Biden Administration Reduces Student Loan Repayment Burden

The federal Department of Education recently announced details regarding President Biden’s long-awaited student debt plan. The plan is expected to cut the monthly payments of millions of student debtors by more than half. The regulations proposed by the Ministry of Education amend one of the existing reimbursement plans known as REPAYE (Revised Pay as You Earn). The plan ties debtors’ monthly payments to income and family size. Unlike Biden’s plan, which canceled up to $20,000 of federal debt at a time and faced a series of legal battles, the new repayment plan is a long-term piece of the student loan infrastructure and applies to current as well as future borrowers.

It is unclear when the new plan will be formulated and implemented. After listening to public opinion for 30 days, the administration plans to come up with specific plans that reflect the feedback and finalize the plan by the end of this year.

Parents who received money through Parent PLUS loans to help pay for their children’s school expenses cannot enroll in the new plan. This means that if parents can’t afford repayment, the only option they usually have is an income-based repayment plan, which is the most expensive.
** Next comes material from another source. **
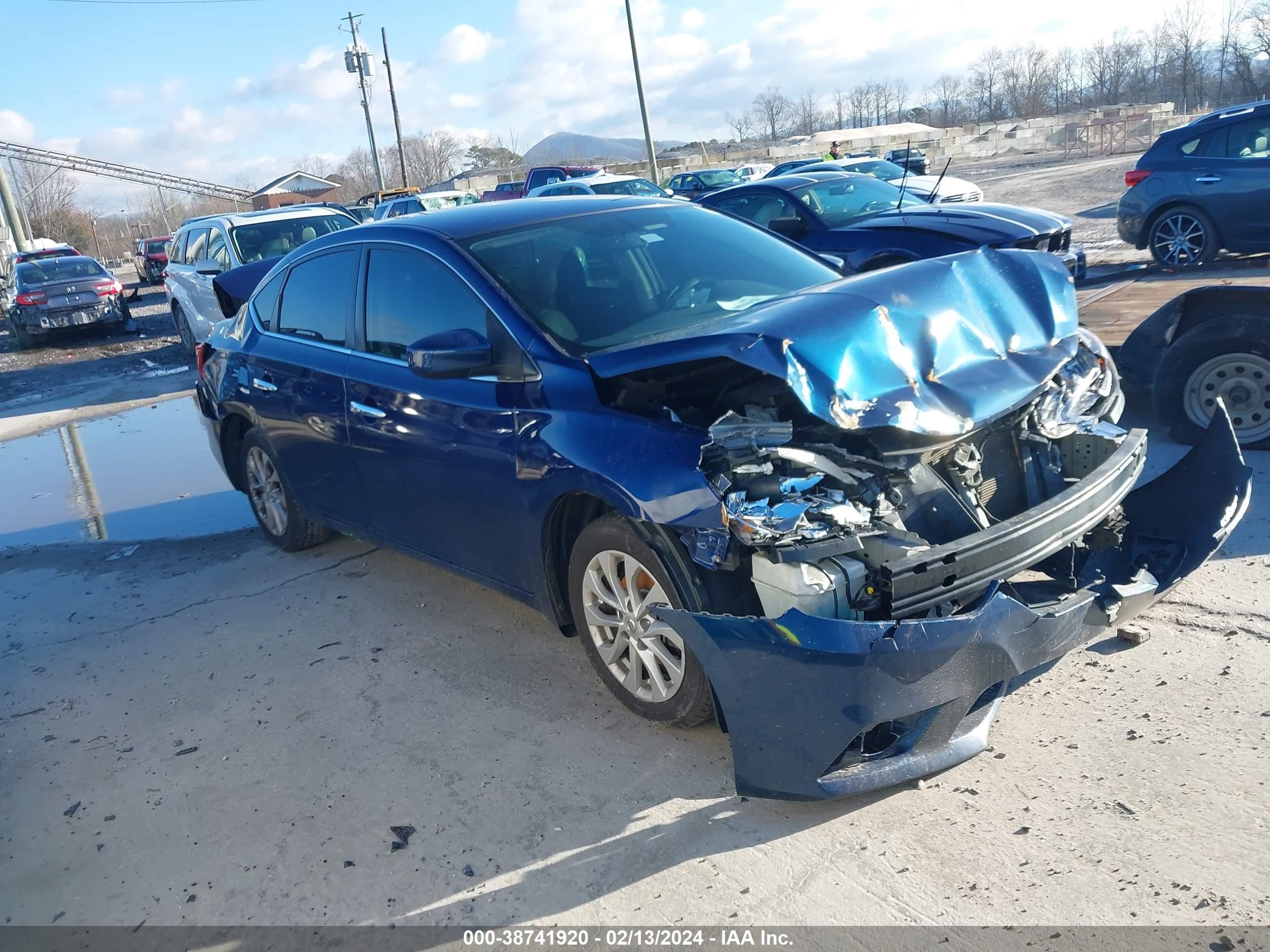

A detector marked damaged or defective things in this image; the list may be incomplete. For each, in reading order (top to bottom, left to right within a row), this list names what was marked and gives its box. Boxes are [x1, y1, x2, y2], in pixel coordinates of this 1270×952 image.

crumpled hood [587, 247, 1082, 439]
broken headlight [1031, 327, 1123, 439]
detached bumper cover [660, 406, 1255, 802]
damaged front bumper [660, 411, 1255, 807]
Known as an income-contingent repayment, this is a plan in which the debtor pays off 20% of his or her discretionary income as repayments over 25 years, after which the debtor is forgiven.

The revised REPAYE plan is more lenient in several respects. First, the plan reduces undergraduate loan payments to 5% of discretionary income. 10% for existing plans (15% for other plans).

Under current REPAYE, discretionary income is income that exceeds the protected amount, which is set at 150% of the federal poverty line. not a lot of money A single debtor will start a situation on income over about $20,400 ($41,600 for a family of four).

The revised plan raised the amount of protection against reimbursement to 225% of the federal poverty line. That means people earning less than 225 percent of the poverty line—that is, people working on a minimum wage of $15 per year—don’t have to pay back. In other words, singles making less than $30,500 or families of four making less than $62,400 would have $0 repayment.

If you can’t afford a standard repayment plan, you can consider an existing income-based repayment plan, such as REPAYE. By choosing this plan, you can benefit from a lower repayment amount when the new plan replaces the old plan.